Bir okurum, e-mail adresime yeni hastane önünde yapılan çevre düzenlemesi ile ilgili bir şikayetini dile getirmiş. Ben de 'madem ki yazdım ve böyle bir yanıt aldım' diyerek konuyu yerinde inceleyip ilgili kuruma sordum. Bana verdiği yanıt aynen şöyle idi:
'Sağlık Bakanlığı'nın projesi böyle! Projeyi uyguluyoruz; değiştirmemiz söz konusu değil'
**
Ulus Meydanı ile ilgili yazdığım yazıda da bu parkı yeniden düzenleyecek İzmir Büyükşehir Belediyesi'nin Ödemiş Koordinatörü Cumhur Şener ile konuştum. Ne dediyse köşeme yansıttım. Kendimden bir şey katmadım. Bir başkası da olumlu ya da olumsuz farklı bir şey söylerse onu da yansıtabilirim.
Öyle görülüyor ki vatandaşlar da bu alanda bir şey yapılsın istiyor ama bütün çekince maliyeti ve yeni hali. Eğer onca para ile taşı kaldırıp yeni taş döşenecekse bu hem benim hem de vatandaşların tepkisine neden olacaktır. Bekleyip göreceğiz.
Buradaki en büyük sıkıntı da Cumartesi Pazarı esnafının durumu.

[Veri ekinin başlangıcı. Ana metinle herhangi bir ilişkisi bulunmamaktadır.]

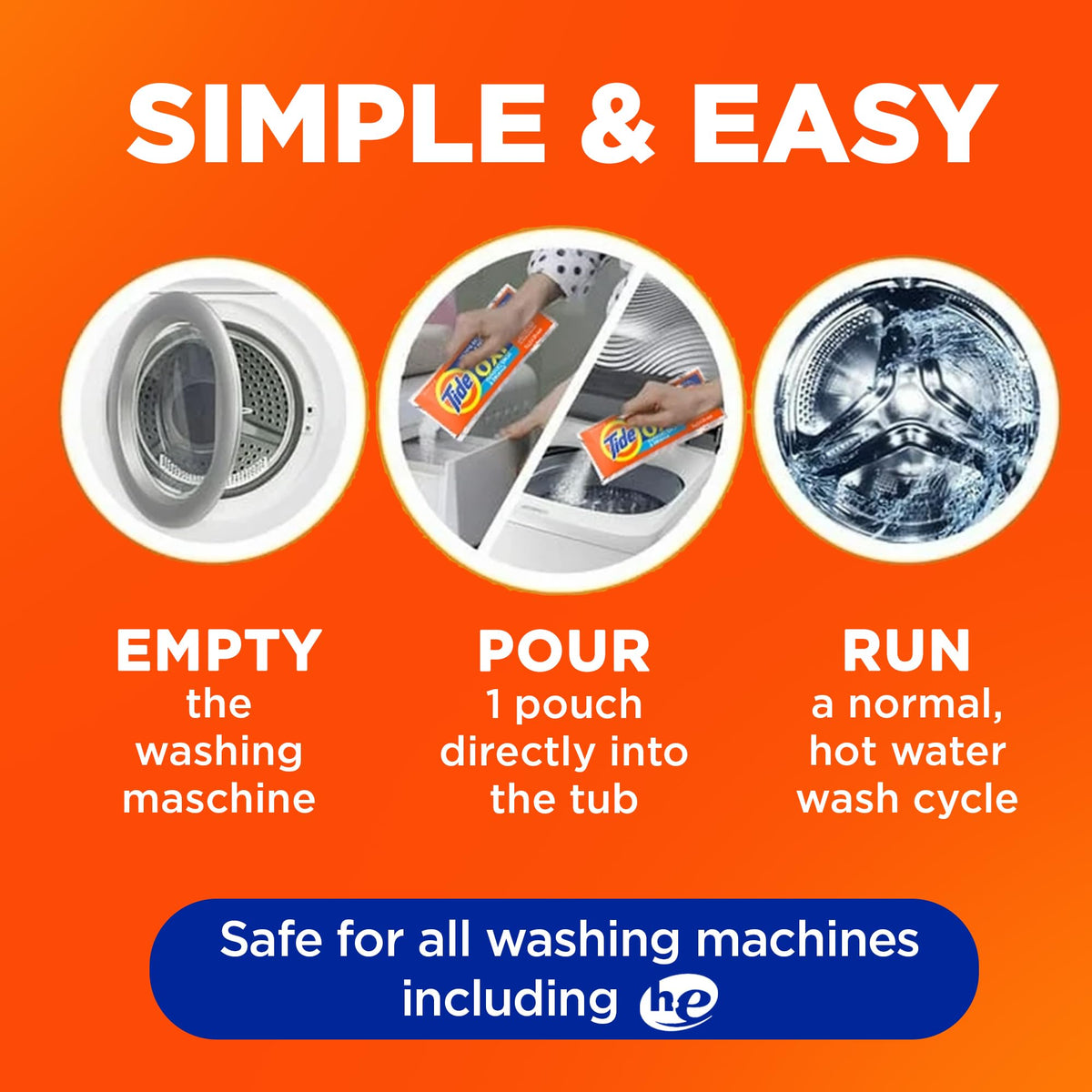 Tide Washing Machine Cleaner 52 Week Supply with Oxi for Front and Top Loader Washer Machines, Deep Cleaning Residue & Odor Eliminator, 12 Month Supply (Packaging May Vary)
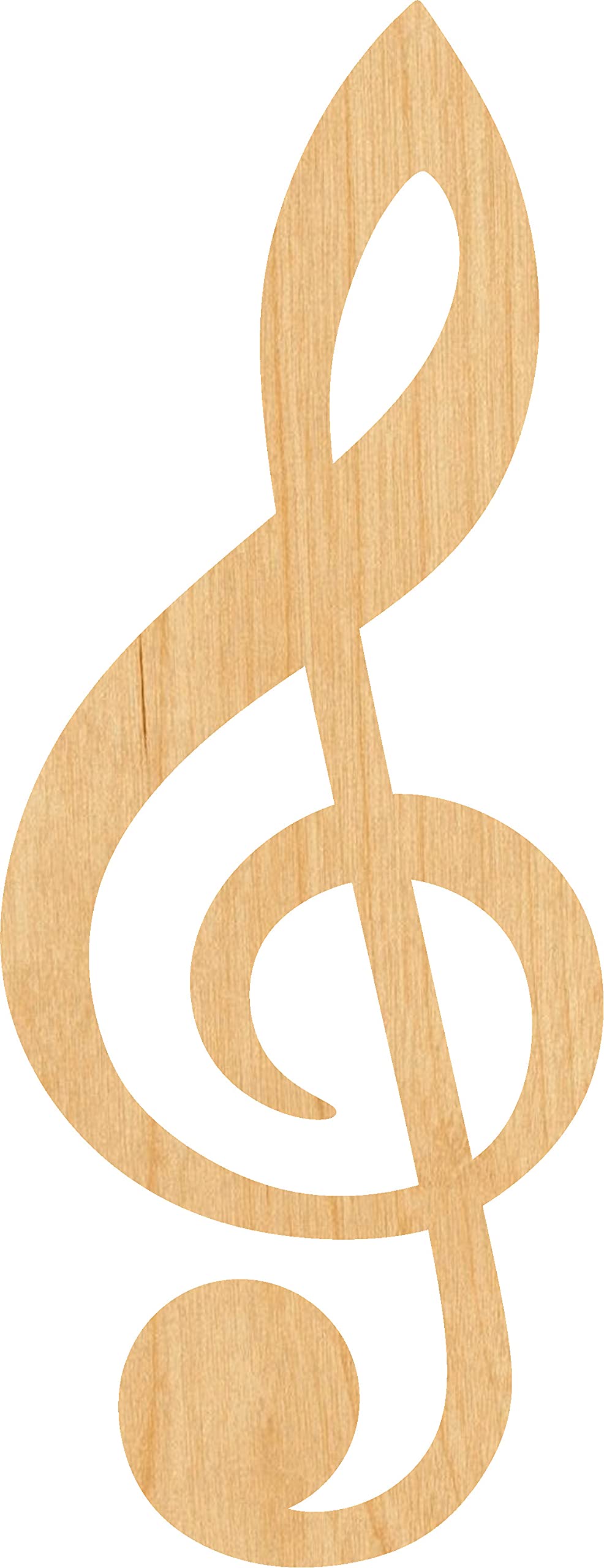 4 Inch Treble Clef Laser Cut Wood Shape - Perfect for DIY Music Crafts, Scrapbooking & Home Decor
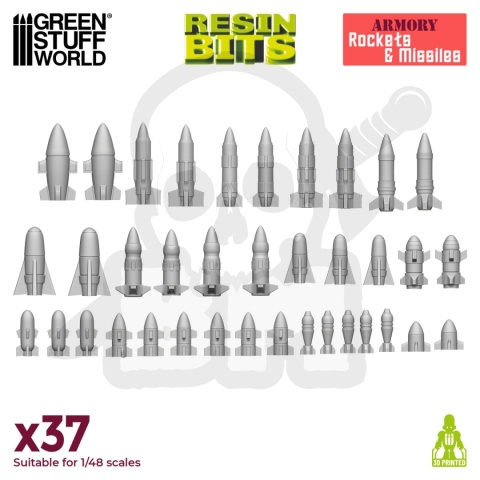 3D printed set - Rockets and Missiles 1:48-1:35 - rakiety i pociski 37szt.
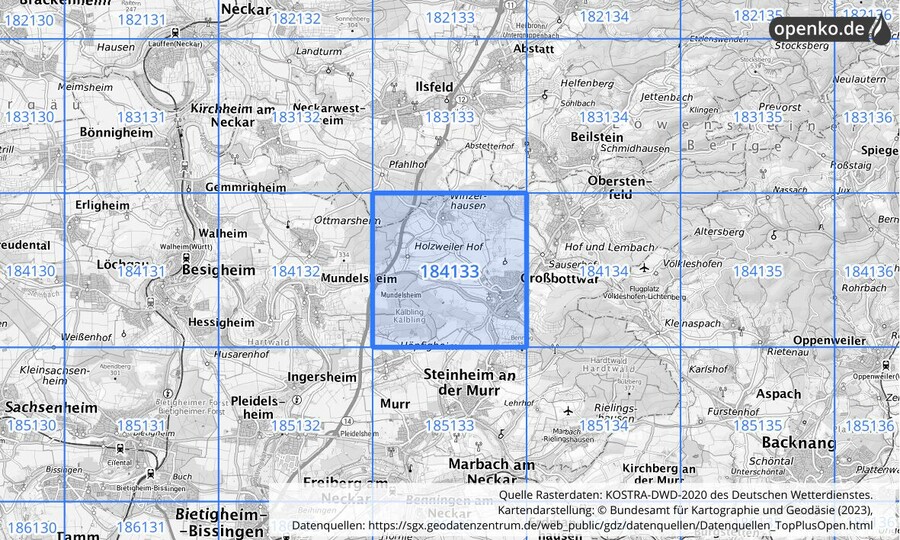 Übersichtskarte des KOSTRA-DWD-2020-Rasterfeldes Nr. 184133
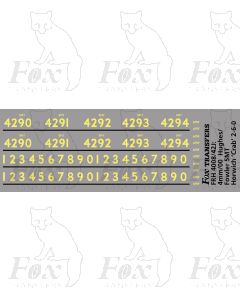 Cabside Numbers for Hughes/Fowler 5MT Horwich Crab 2-6-0 locos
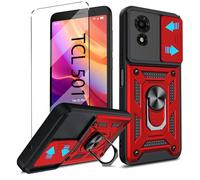 Coque 2 en 1 en verre trempé pour TCL 501 avec glissière pour appareil photo, protection d'écran, coque de protection de qualité militaire robuste avec support de téléphone, rouge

Cumhur Şener, iki etap halinde yapılacak çalışmadan ilgili alandaki pazarcı esnafın zararının en az düzeyde kalması için çaba sarfedilecek, demişti. Ödemiş belediyesi de BŞB'ye yazdığı ilgili dilekçede çalışmanın etaplar halinde yapılmasını istemişti. Kaç etap olur, etap etap yapma ilgili mevzuatta yeri var mıdır bilemiyorum.

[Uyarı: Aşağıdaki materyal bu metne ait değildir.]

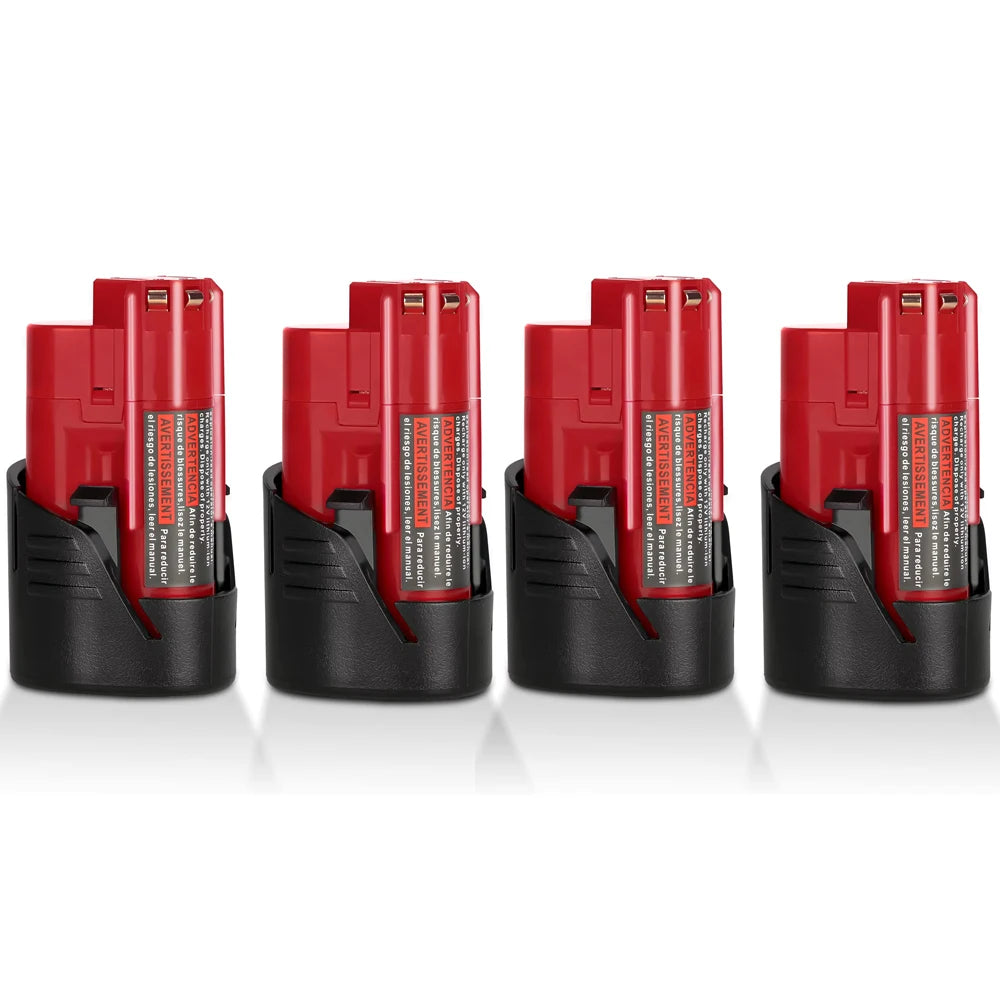 2 Pack 3.0Ah Replacement Battery for Milwaukee M-12 Battery  Compatible for Milwaukee 12V Heated Jacket & 48-11-2440 48-11-2402
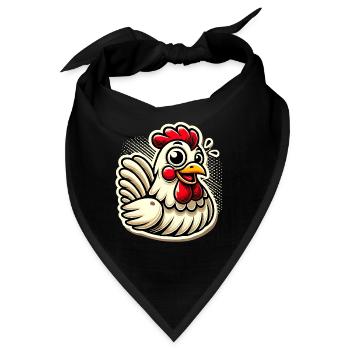 Lustige Cartoon Huhn Aufkleber - Bandana - Schwarz - Vorne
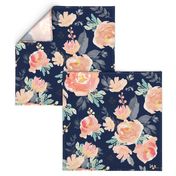 21" Coral Grey and Mint Florals Navy Background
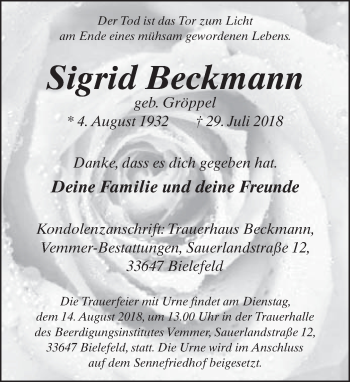 Traueranzeige von Sigrid Beckmann von Neue Westfälische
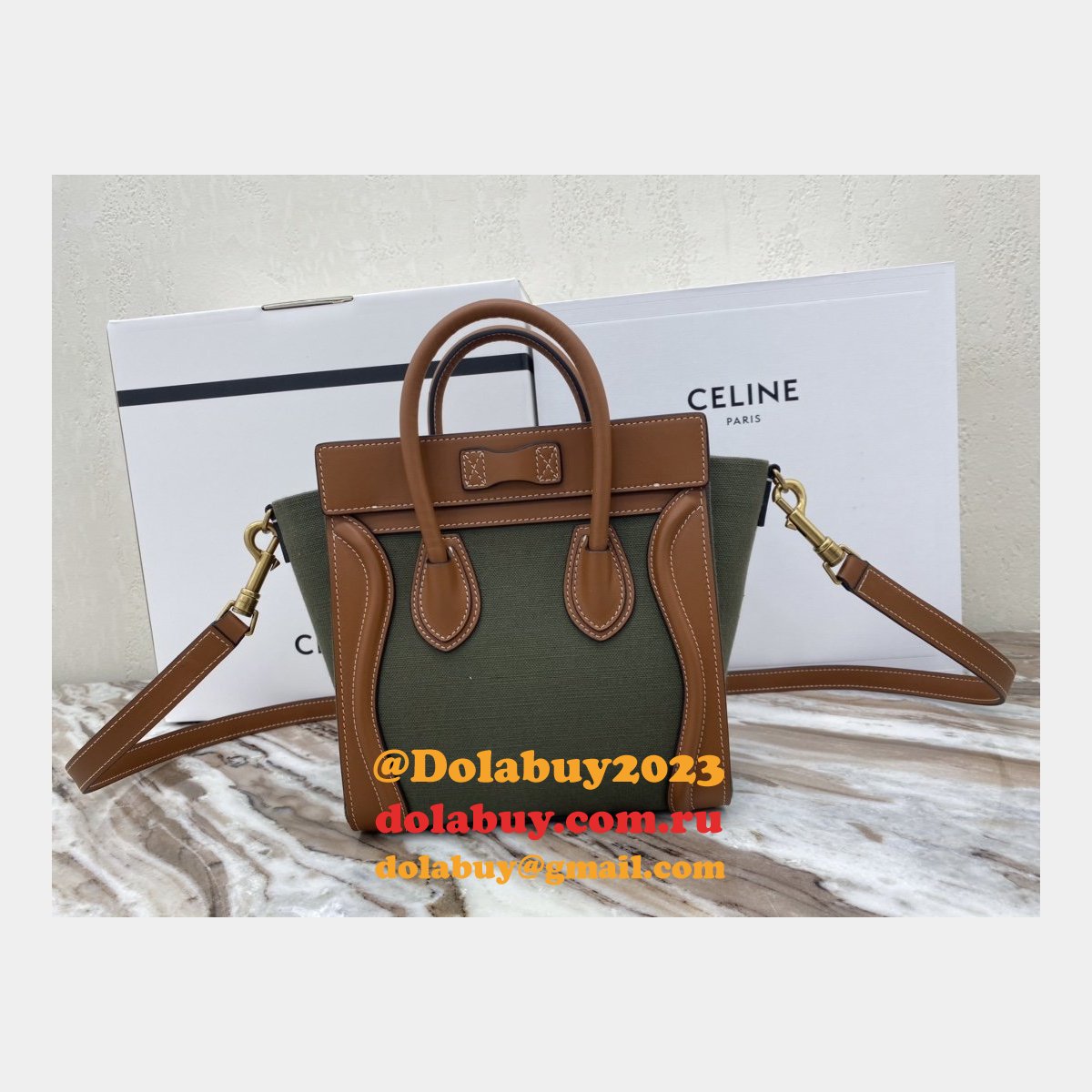 Designer Replica Celine Brown/Green Luggage Bags For Sale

Ama Cumartesi Pazarı'nın da bir çeki düzene ihtiyacı var sanki.
**
Gelelim Salı Pazarı alanına.
Burası ile de ilgili çeşitli iddialar var. En başta maliyeti konusunda. Levhada 3,5 görünüyor ama toplam maliyetin 7 milyon (eski para ile trilyon) liraya kadar çıktığı iddia ediliyor. Ben sadece iddiaları ve halkın konuştuklarını dillendiriyorum. İlgili harcamaları ve alınan kredileri incelemiş de bilgi sahibi olmuş falan değilim. Sadece burayı hergün kullanan bir vatandaş olarak çalışmaları ilgi ile izlediğimi söylüyorum. Hepimizin dileği kullanışlı olması ve uzun süre kazmaya ihtiyaç duyulmaması.
Burada da muhtarlık binası çevresindeki yayaların kullanabileceği alanın darlığı dikkatimi çekti. İlgili birkaç kişiye de söyledim ama proje böyle idi! Emir ve demir yani.

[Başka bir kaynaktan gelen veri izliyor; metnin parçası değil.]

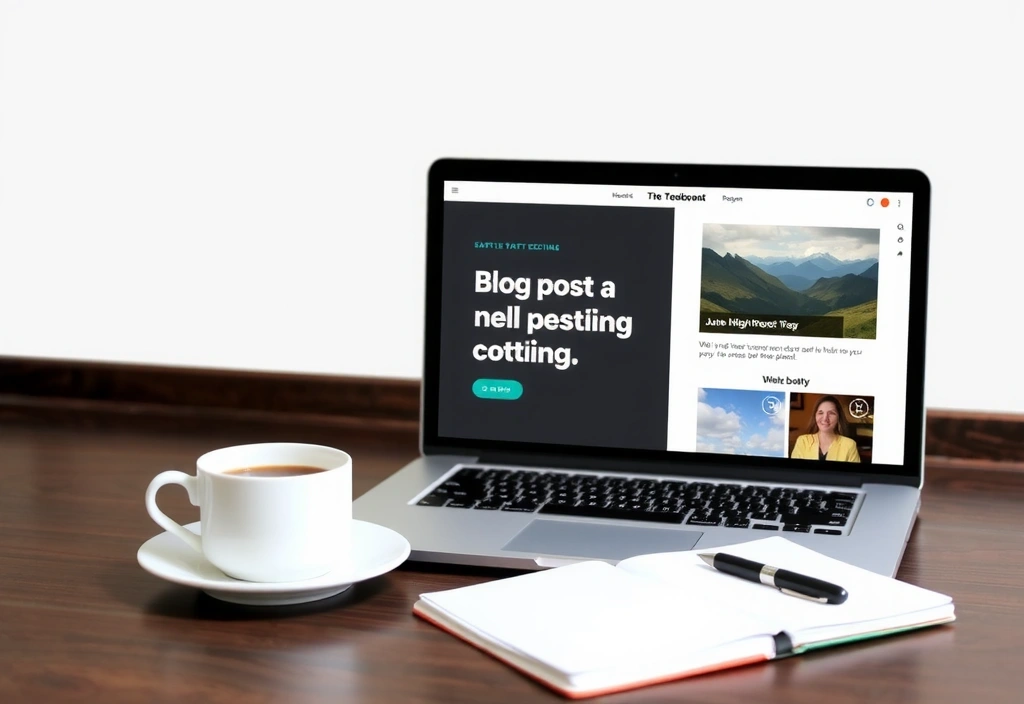 A laptop screen displaying a well-designed blog post, with a coffee cup and notepad beside it, symbolizing content creation.
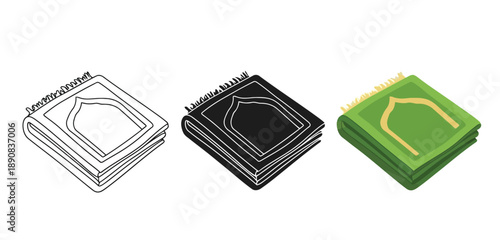 Prayer Mat Vector Set in Three Styles — Line Art, Silhouette and Color Version for Islamic Design, App UI, Posters and Branding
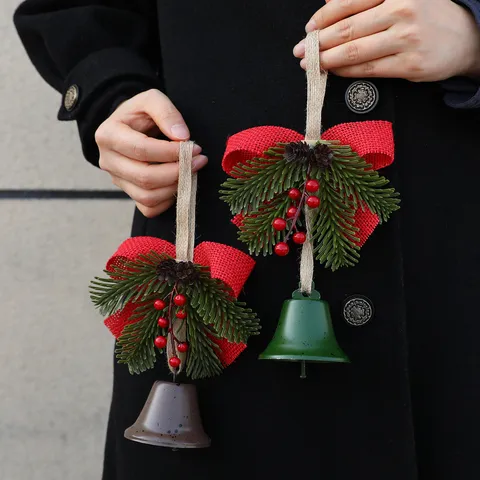 Nordic Minimalist Metal Christmas Bell Hanging Ornament With Red Burlap Bowknot Artificial Pine Needle Natural Pinecone For Christmas Tree Decor Home Party Wall Pendant New Year Gift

Ortaya yapılan fıskiyeli kuru havuz özellikle yaz aylarında büyük bir görsel şölen olacağa benziyor. Fakat etrafında gölgelikli oturma alanlarının bulunmaması bana göre büyük bir eksiklik. Orada oluşacak görsel şov sanıyorum ayakta izlenmeyecek. Sıcak yaz akşamları fıskiye çevresine gelecek çevre ve mahalle sakinleri hem çay-kahve içip sohbet edecekler hem de serin su buharı altında vakit geçirecekler.
Emir demiri kesmesin. Vakit varken müdahale edilsin.